Führungswechsel bei der ASG Spremberg: Roland Peine (links) löst Gerhard Hänel ab.
Führungswechsel bei der ASG Spremberg: Roland Peine (links) löst Gerhard Hänel ab. FOTO: Jörg Tudyka
Spremberg. Seit dem 1. Januar bekleidet Roland Peine die Funktion des Geschäftsführers der Wirtschaftsförderungs-Gesellschaft ASG im Industriepark Schwarze Pumpe. René Wappler

Damit löst er Gerhard Hänel an der Spitze des Unternehmens ab, der nach 19 Jahren in den Ruhestand geht. Nach Auskunft der Pressestelle wird Gerhard Hänel der ASG allerdings "weiterhin beratend zur Seite stehen".

Roland Peine arbeitet seit dem Jahr 2003 bei der ASG, die damals noch den offiziellen Namen "Altstadtsanierungs-Gesellschaft" trug. Bislang war er Projektleiter für technische Betriebsführung. Nach eigenem Bekunden will er die Strategie seines Vorgängers konsequent weiter verfolgen. Bei einem Empfang zu seinem Abschied erklärte Gerhard Hänel, es könne nur einen "Strukturwandel mit der Kohle" geben, nicht aber "nach der Kohle".

Diesen Grundsatz hatte der scheidende Geschäftsführer der ASG bereits im November in einem Gespräch mit den Spremberger Stadtverordneten betont. Das "Abschalten ganzer Regionen" im Rahmen der Energiewende bezeichnete Gerhard Hänel als "dilettantisch und stümperhaft". Ein Verzicht auf den Umsatz von Kohlenstoff sei nahezu unmöglich: "Dann sterben wir den Kältetod." Zudem gab er mit Blick auf den wirtschaftlichen Umbruch in der Region zu bedenken: "Das Land wird nicht vorgeben, was man tun soll." So gelte die Lausitz nur als "ein Teil" des Bundeslandes. Vielmehr müssten die Stadtverordneten selbst festlegen, welche Ziele sie gemeinsam mit der Gemeinde Spreetal verfolgen wollen.

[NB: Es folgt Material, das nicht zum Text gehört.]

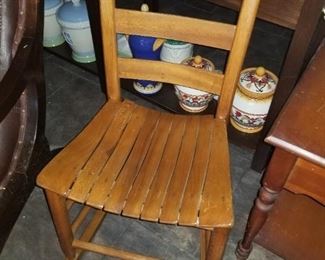 Wooden Chair ( let the guessing cease)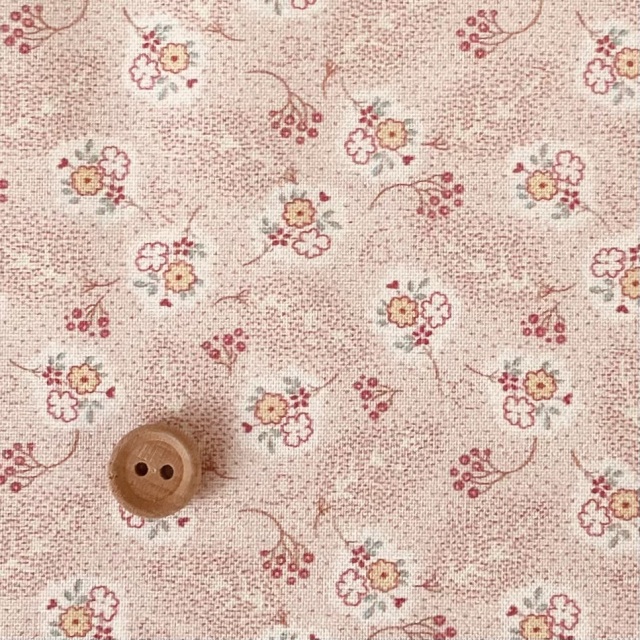 16-0265B  Antique pattern   点描＆フラワー  pink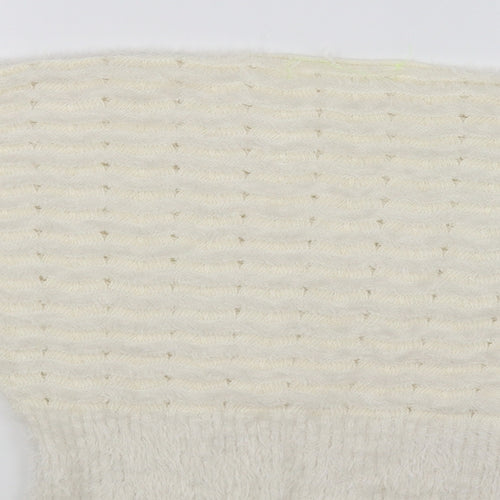tiffany bling  Womens White   Pullover Jumper Size S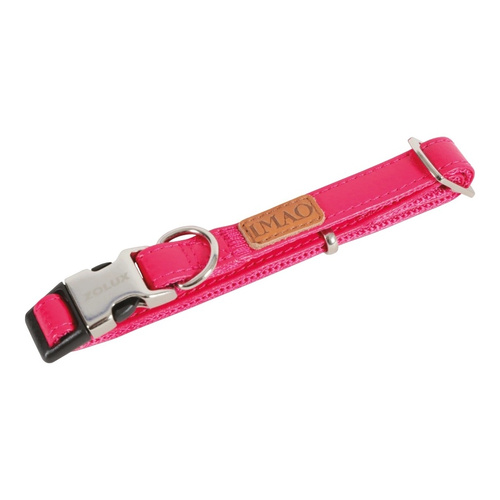 Zolux Obroża dla psa stylowa IMAO PICCADILLY 25 mm kol. fuksja
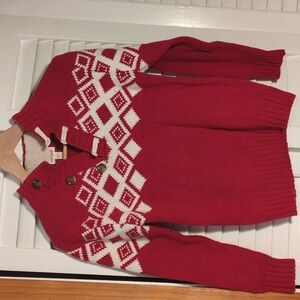 Cat & Jack Fair Isle Sweater, Size 8-10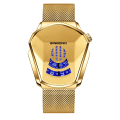 Miniatyrbild 1 av 6: New Arrival Watch Herr Vattentät Kreativ Armbandsur För Man Klocka Herrklocka Watch Masculino Guld Armbandsur i rostfritt stål mesh gold gold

Gerhard Hänel sieht die ASG in der "glücklichen Lage", neben Dienstleistungen auch Aufgaben der Wirtschaftsförderung bei einem Arbeitsanteil von 30 bis 35 Prozent zu übernehmen. Für die Spremberger Region sieht er das Werben um Fachkräfte als eine Herausforderung, aber auch das Ansiedeln weiterer Unternehmen, das Standort-Marketing und die Entwicklung der Infrastruktur. Die BASF und der Industriepark Schwarze Pumpe spielen nach seinen Worten in der Region eine tragende Rolle - verbunden mit dem Auftrag, eine "Führungsfunktion" zu übernehmen.